Jake is furious with her for having an affair with Johnny, Johnny leaves
Kellermans, and the resort’s final summer talent show is taken out of the hands
of the staff.
Naturally, this is followed by a final triumphal moment
where Baby gets to dance with Johnny, Johnny is redeemed and Baby and Jake
finally make up. Roll the dance party
and cue the credits.
But the secret depth of the movie is much more complex than
that.
The movie refuses to make Baby’s path toward success
easy. It takes her weeks to master
dancing, a lot of frustrated stops and starts await her toward. The movie has the courage to not make this an
Informed Attribute.
The movie’s also pretty courageous in tackling the dividing
line between classes. The Kellermans are
super-rich and told not to mix with the comparatively poor “help” but do so
anyway. The warping, bending, and
finally the erasure of the dividing lines between the classes in
Baby’s various relationships can
be seen as a metaphor for the burgeoning sixties, with his brotherhood,
sisterhood, and unified youth movement protesting the war…or participating in
Vietnam as an unwilling draftee.
Then there’s the way the women in the movie interact. The way the film treats Lisa and Baby’s
relationship is wonderful. It could
have made the sisters rivals for Johnny’s affection, but instead we’re given a
beautiful story about how Penny would gladly rip apart any dangerous man who
looks sideways at Lisa. She does, after
all, pour ice water down Robby’s pants.
It also tells us that while sexual adventure is liberating for Baby,
similar explorations with would have destroyed Lisa – and Lisa’s getting on
with her life afterwards lets the audience know that selecting the wrong man
isn’t the end of the world.
Then there’s Penny and Baby’s relationship. Again, there might be an opportunity for a
struggle over Johnny here, but instead the two women bond over the art of the
dance and become friends. Penny’s
abortion is treated as an absolutely necessary event, and she isn’t shamed for
it; instead the shame falls upon her seducer and abandoner Robby for seducing her incautiously, then abandoning her.
Speaking of seduction – here’s the thing about Johnny and
Baby’s story: it’s not really about love.
No really, even though people seem to attach romantic
aspirations to their relationship, and even though there’s clear camaraderie
and exhilaration between them: this is a movie about a woman who unrepentantly
loses her virginity and has a warm, wild affair with an older man – but there’s
no huge emotional attachment between them.
The theme is “I had a great time with you” not “let’s get a house and
live together forever.” They’ve had the time of their life, and Baby
will always remember this summer, but it’s about to end, and she’s about to go
off to college.

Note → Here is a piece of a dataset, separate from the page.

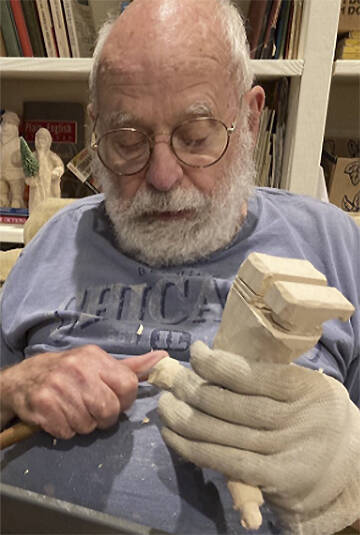 Bob Pedersen loved to carve Santas for Christmas House.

Will all of that wanting
translate into something deeper? This
is the sort of story men have been allowed to play for eons: to see it through
a woman’s eyes is totally refreshing; which is why I prefer to think of this as
a story about Baby’s coming of age, versus it being a How I Met My Husband The
Dancer tale. But that’s what’s great
about the movie; it’s left open to interpretation. If you believe they’re still together in the
80’s, they can be; if you think she never saw him again when the family packed
up, she didn’t.
So, when you settle down to watch this movie next time, and
when you swoon to Patrick Swayze’s authoritarian leaps and bounds, just
remember that Dirty Dancing is a secret peahen to feminism, to sisterhood, to
the power of women’s sexuality and the shattering of class boundaries. And have the time of your life.